The second, projection form is a bit more interesting. Sometimes, it’s possible we do have sequences of numbers to add up directly, but often times we have sequences of more complex objects, and we want to sum up a particular field. This is where the second form that takes a projection comes in handy. By specifying a projection, we are telling Sum() how to extract the field we want to sum from each item in the sequence.

To illustrate, let’s assume a simple sequence of a simple POCO called Employee:

       1: public sealed class Employee

       2: {

       3:     public string Name { get; set; }

       4:     public double Salary { get; set; }

       5:     public short Dependents { get; set; }

       6:  

       7:     // etc...

       8: }

Now, let’s say that we have a sequence of these employees:

       1: var employees = new List<Employee>

       2:     {

       3:         new Employee { Name = "Bob", Salary = 35000.00, Dependents = 0 },

       4:         new Employee { Name = "Sherry", Salary = 75250.00, Dependents = 1 },

       5:         new Employee { Name = "Kathy", Salary = 32000.50, Dependents = 0 },

       6:         new Employee { Name = "Joe", Salary = 17500.00, Dependents = 2 },

       7:         // etc

       8:     };

We can then extract the Salary property using a projection and take a sum as follows:

       1: // once again, the projection result type MUST be a supported type

       2: var totalSalary = employees.Sum(e => e.Salary);

While the projection form of Sum() on the surface seems to be restricted to projections of the same restricted types (int, long, single, double, decimal), the projection form WILL allow projections of smaller types if we use lambda expressions or anonymous delegates.

       1: // these work because the lambda and anonymous delegate return type are inferred

       2: employees.Sum(e => e.Dependents);

       3: employees.Sum(delegate(Employee e) { return e.Dependents; });

This is because the result of the lambda expression and anonymous delegates can be inferred from usage, and the inference will automatically widen small numeric types (like short) to int. If we tried to do this with a method group or delegate variable defined with a non-supported return type, however, we would get an error because there is no inference involved, and hence there is no suitable match.

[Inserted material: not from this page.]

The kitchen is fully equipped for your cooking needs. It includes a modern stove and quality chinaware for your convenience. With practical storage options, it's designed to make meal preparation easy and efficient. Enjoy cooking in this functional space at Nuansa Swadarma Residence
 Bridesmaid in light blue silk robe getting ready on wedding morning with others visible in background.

Average() – returns average value in sequence

The Average() method works just like its Sum() counterpart, except that it takes the sum and divides it by the number of items involved in the sum. What do I mean by involved? Remember that Sum() does not include null values – and Average() does exactly the same. That is, Average() takes the average of all non-null values, so those null values do not count as part of the total nor the number of items the total is divided by. For example:

       1: var intList = new int?[] { 10, 20, 30, null };

       2:  

       3: // returns 20, not 15 since only 3 non-null values

       4: Console.WriteLine(intList.Average());

The behavior for Average() in terms of exceptions and null returns exactly matches the Sum() method. So we won’t dive into it in any more detail.

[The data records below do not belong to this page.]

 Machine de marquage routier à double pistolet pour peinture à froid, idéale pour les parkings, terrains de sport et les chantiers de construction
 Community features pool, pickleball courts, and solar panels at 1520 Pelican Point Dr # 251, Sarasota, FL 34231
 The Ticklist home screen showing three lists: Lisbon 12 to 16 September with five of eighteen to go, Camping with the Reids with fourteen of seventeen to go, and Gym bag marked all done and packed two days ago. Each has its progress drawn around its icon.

Min() – returns smallest value in sequence

The Min() extension method is useful for examining a sequence and returning the smallest value from it. The basic format of Min() looks like (ignoring, again, the implicit source parameter):

Min()
- Finds the smallest value in the sequence.
- Throws if no object in sequence implements IComparable or IComparable<T>.
- Throws exception if sequence is empty and source type is a value type.
- Returns null if sequence is empty and X is reference type or Nullable wrapped value type.
Min(Func<TSource, X> projection)
- Finds the smallest value in the results of a projection on the sequence.
- Throws if no result of the projection to X implements IComparable or IComparable<T>.
- Throws exception if sequence is empty and X is value type.
- Returns null if sequence is empty and X is a reference type or Nullable wrapped value type.

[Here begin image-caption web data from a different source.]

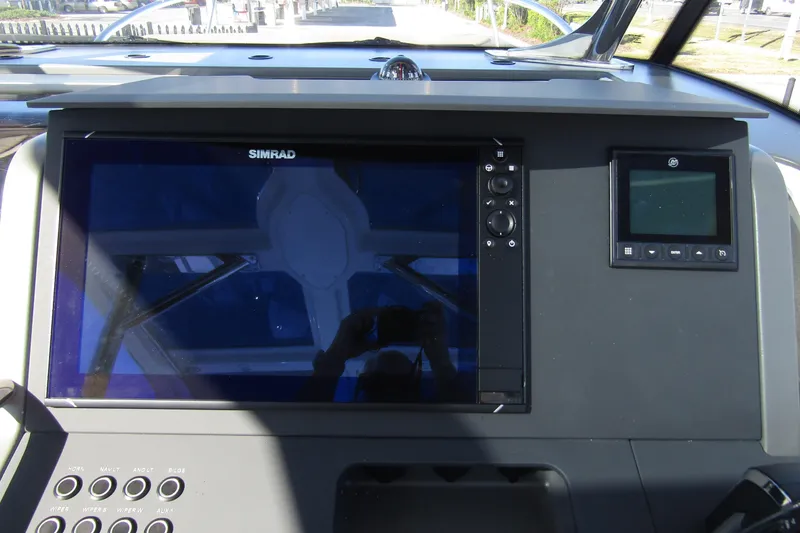 Slide: The Image of Control panel of 2025 Nimbus Tender 9 boat with Simrad display. - 17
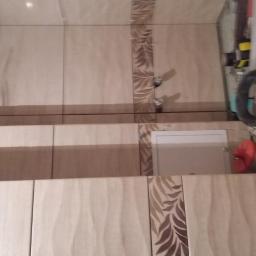 Usługi Remontowo-Budowlane - Ściana w trakcie wykańczania z beżowych płytek z motywem liści, widoczne krzyżyki dystansowe i narzędzia glazurnicze.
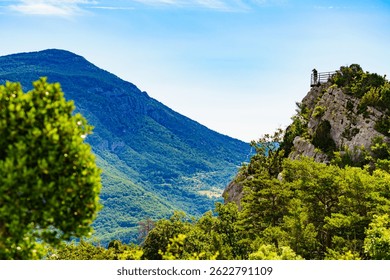 Tourist with camera on viewpoint Col d'Illoire near Aiguines village. Verdon Gorge in French Alps, Provence France. Mountain landscape.
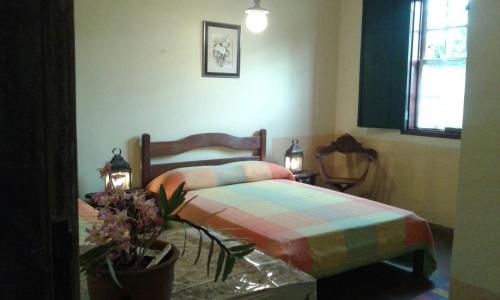 a bedroom with a bed and a table with flowers at Pouso Realeza in Tiradentes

The Min() method largely works largely as you’d expect it to, except with a few quirks. First of all Min() tries to support virtually any type as long as that type implements IComparable or IComparable<T>. Thus it is not restricted to numeric types, like Sum() is, and can be used on any comparable objects (including value types like DateTime, TimeSpan):

       1: var shortList = new short[] { 1, 3, 7, 9, -9, 33 };

       2:  

       3: // returns -9

       4: var smallest = shortList.Min();

       5:  

       6: // find smallest number of dependents 

       7: var minDependents = employees.Min(e => e.Dependents);

Also, Min() does not use a generic constraint to limit the type parameters to those that support the IComparable interfaces. Instead it throws a run-time exception – but only if the sequence is non-empty and no object in it implements one of the IComparable interfaces. Thus, given our definition of Employee above, the first call below would return null (sequence is empty), and the second call will throw (sequence non-empty but contains no IComparable objects).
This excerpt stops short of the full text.